Sometimes it takes 15 years to put it all together and figure out what the lessons are. This is one of those cases.
I was ready to quit my first job in January of 2001, having been working for Scient, the “eBusiness systems innovator,” for a year and a half, and foreseeing the decline in the quantity of business. I started hunting for a job and found a very interesting company called Kenamea, which had been founded by the team behind Weblogic and was building a cool technology to do real-time messaging for webapps – something like what we know today as AJAX and websockets. My first interview was a phone screen with a guy who went to the same high school as me and graduated a few years after me.1 I figured I had it in the bag.
Then he asked me one fateful question:
How does a classloader work?
I had no clue. I had not written a classloader, so I had no practical point of reference, and I hadn’t learned this type of thing in college, so I had no academic framework to fall back on. I’d really have to bullshit my way through this one. So, I gave it my best shot. I cannot remember at all what I said, but I know I didn’t do well, because I ended up making a passionate plea afterwards to give me another shot.
Lesson #1 (in two parts)
In many ways that question is biased and unfair. My interviewer, Michael, had worked on the internals of Weblogic with the inventor of it. He probably wrote several versions of classloaders for it. I had 1.5 years of application development experience, none of which had needed to get down into the bowels of the application server itself.
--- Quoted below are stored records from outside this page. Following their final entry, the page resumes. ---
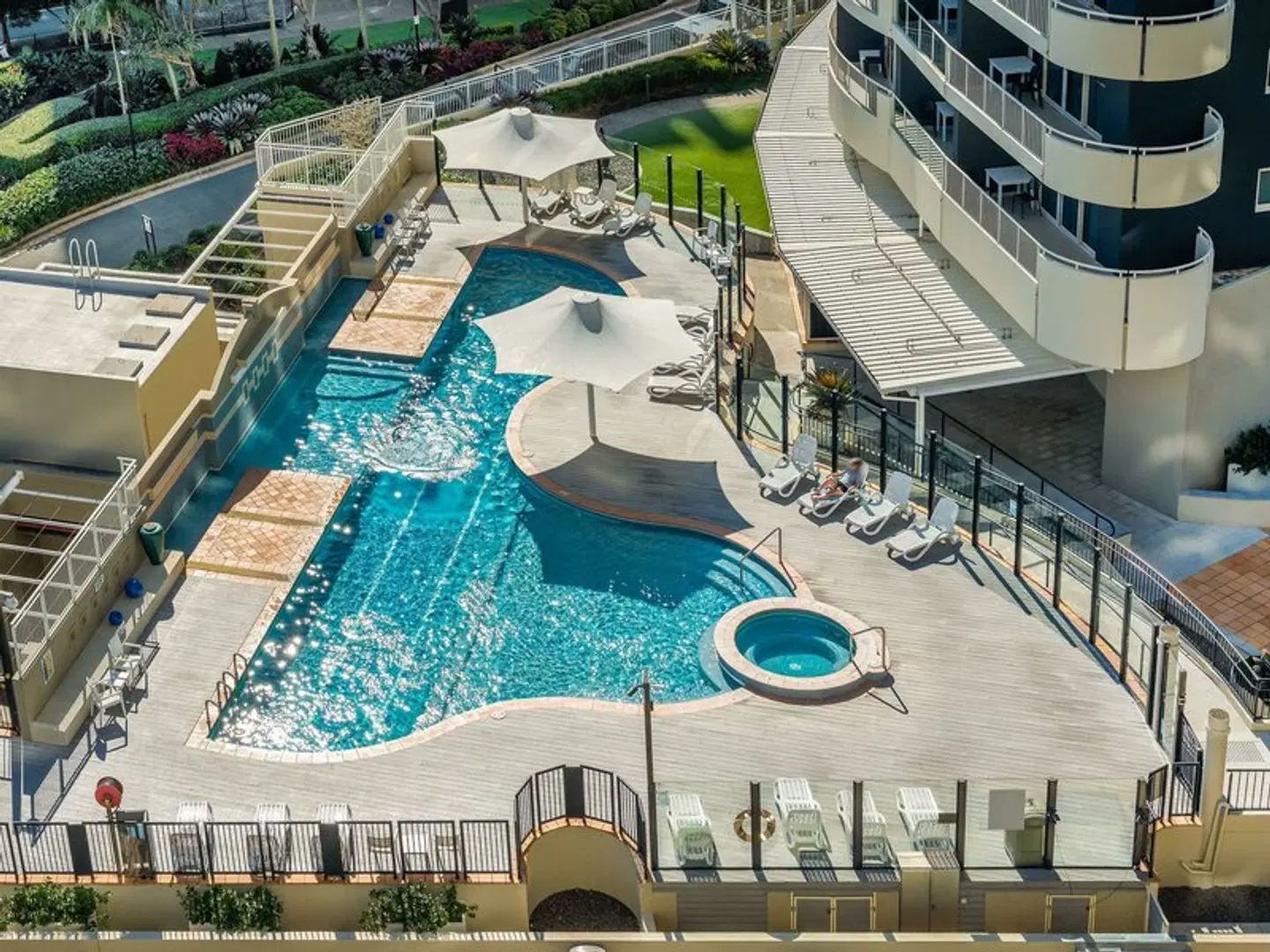 Mantra Twin Towns EXTERIOR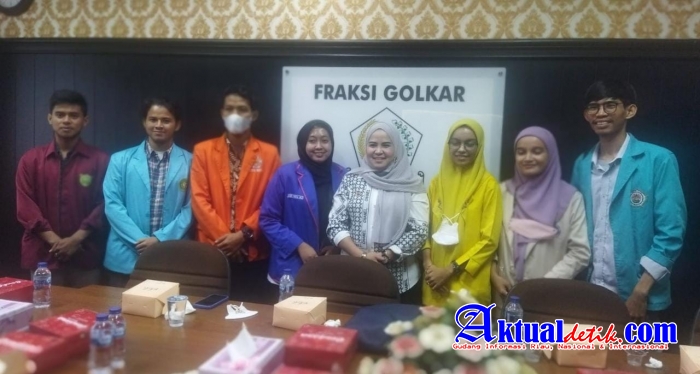 Anggota DPRD Pekanbaru, Ida Yulita Susanti, Sambut Baik BEM Riau di Ruang Fraksi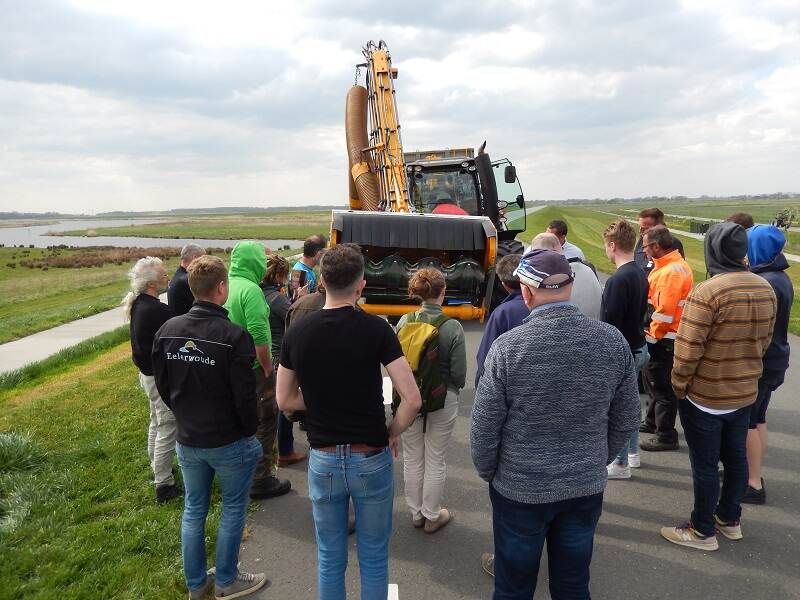 Demonstratie van de Ecochopper, een maai-zuigcombinatie die in één werkgang maait en ruimt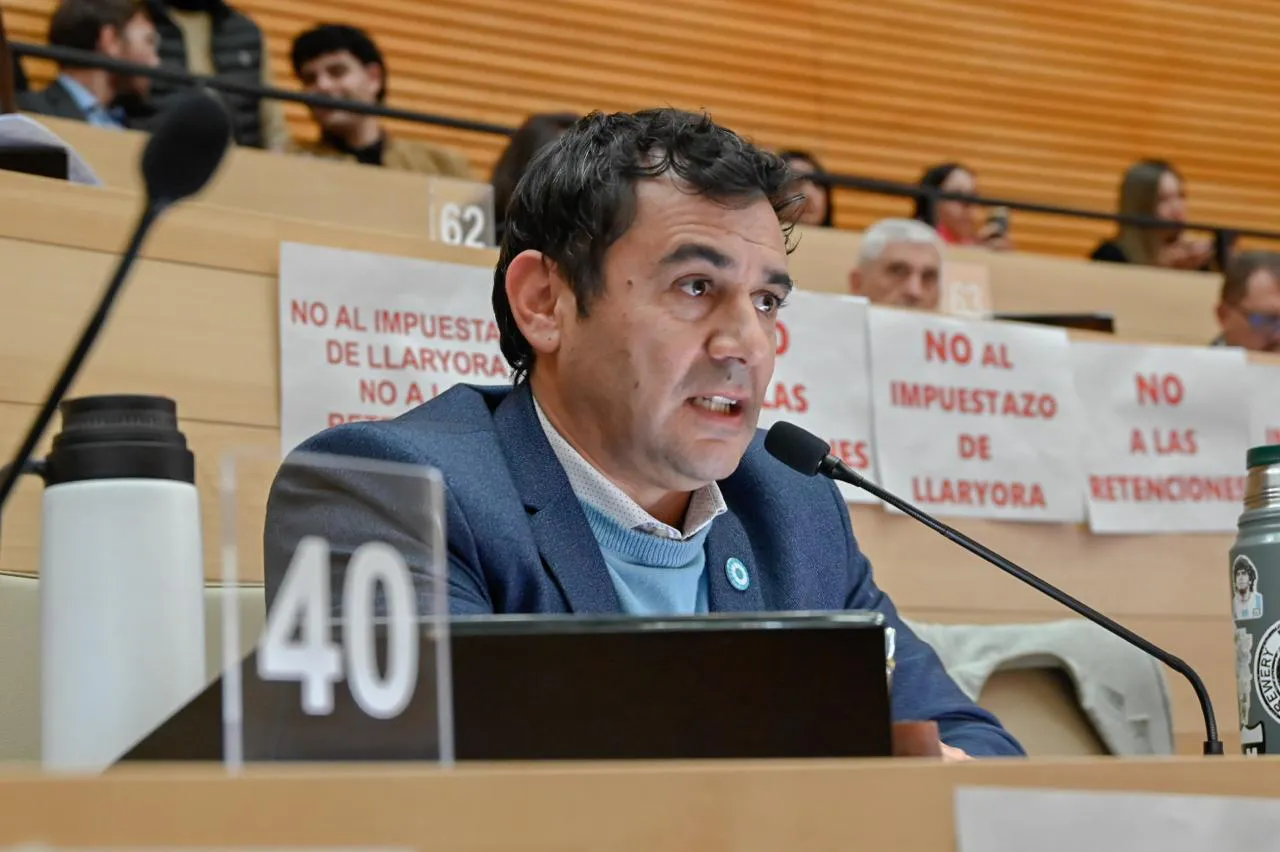 ad12eeb9-88fc-4056-8301-448db6cb86fd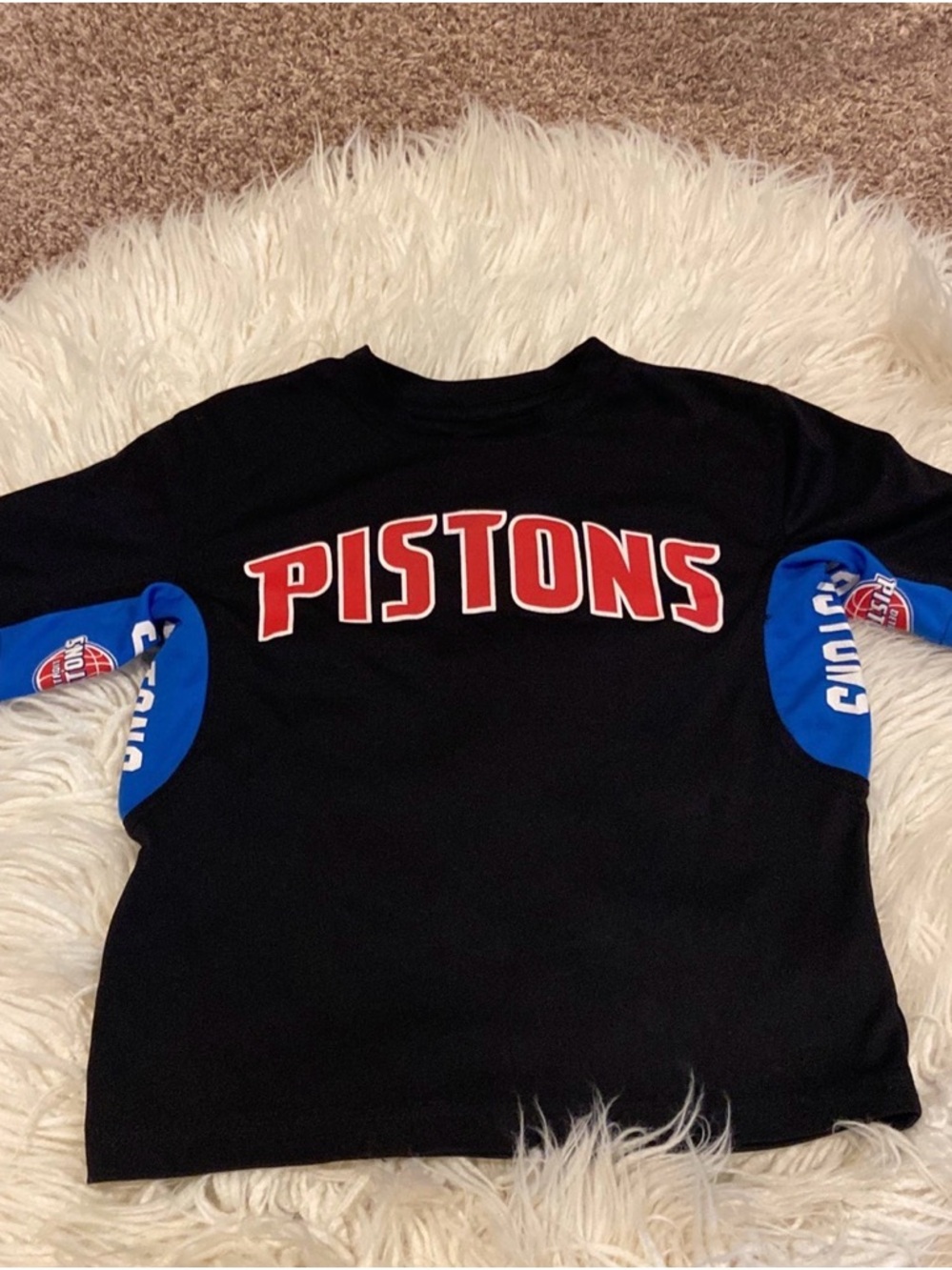 Detroit Pistons Kids Small Black Tee with Blue Sleeve Panels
It is important to find the extent of a candidate’s knowledge and experience, but Michael either misread or ignored the context of my experience at the time and blasted me with a pretty deep question right off the bat. I have done the exact same thing in interviews that I have conducted, so this isn’t an indictment of him. Unfortunately, it is easy and rational to use a question you intimately know the answer to in order to form an opinion of the interviewee, but it can also make the interview into a battle of ego. Now when I interview, I try to take the interviewee’s experience and context into consideration and ease my way up to the “hardest” questions, building a foundation of trust so the candidate is more comfortable as we progress through the interview.
From the other side of the table, I totally botched the answer. I could have done a much better job if I had just said, “I do not know. I’ve never written a classloader, and I haven’t yet run into a case when I needed to know how they work. I’m pretty good at reading documentation and understanding code, so I have faith that when I decide to dig that deep into the environment, I will be able to understand how it works.” That would have been a totally honest answer. It would have given Michael a perspective on my experience as an app developer, not as a framework or server developer. It would have given him an opportunity to follow up with a question about one of the times I did need to understand something more deeply and to have me explain that experience to him.
With a little bit of revisionist history, I can say that it was at that moment that I decided to become the best software engineer I could and to deeply learn the environment I was working in, the tools I had at my disposal, and the theory behind how it all worked. In truth, that was maybe the case subconsciously, especially given that I still remember the experience 15 years later. But the conscious experience was me grovelling for a job, getting an offer to be a test engineer, deciding that was beneath me, and taking an offer at a spin-off from Autodesk that then laid me off six months later.2
Fortunately, that gave me an opportunity. While working at Buzzsaw, there was a book lying on someone’s desk titled “Java Performance and Scalability: Volume 1 – Server-Side Programming Techniques”. I decided to read it cover to cover. By the time I finished chapter 11, which is a step-by-step case study of building and optimizing a web server, I had learned so much about the JVM, threading, and performance tuning, I was astonished by how little I had known beforehand. I’ve kept up that practice of reading technical books like this cover to cover, even without having an immediate need for the knowledge held within. Many of these books have helped me level up my engineering game throughout my career.
Failing that interview set me on a path of continual improvement. I may have found that path some other way at another time in my career, but it was the right opportunity at the right time, and I am thankful to Michael, even if it took me 15 years to figure it out.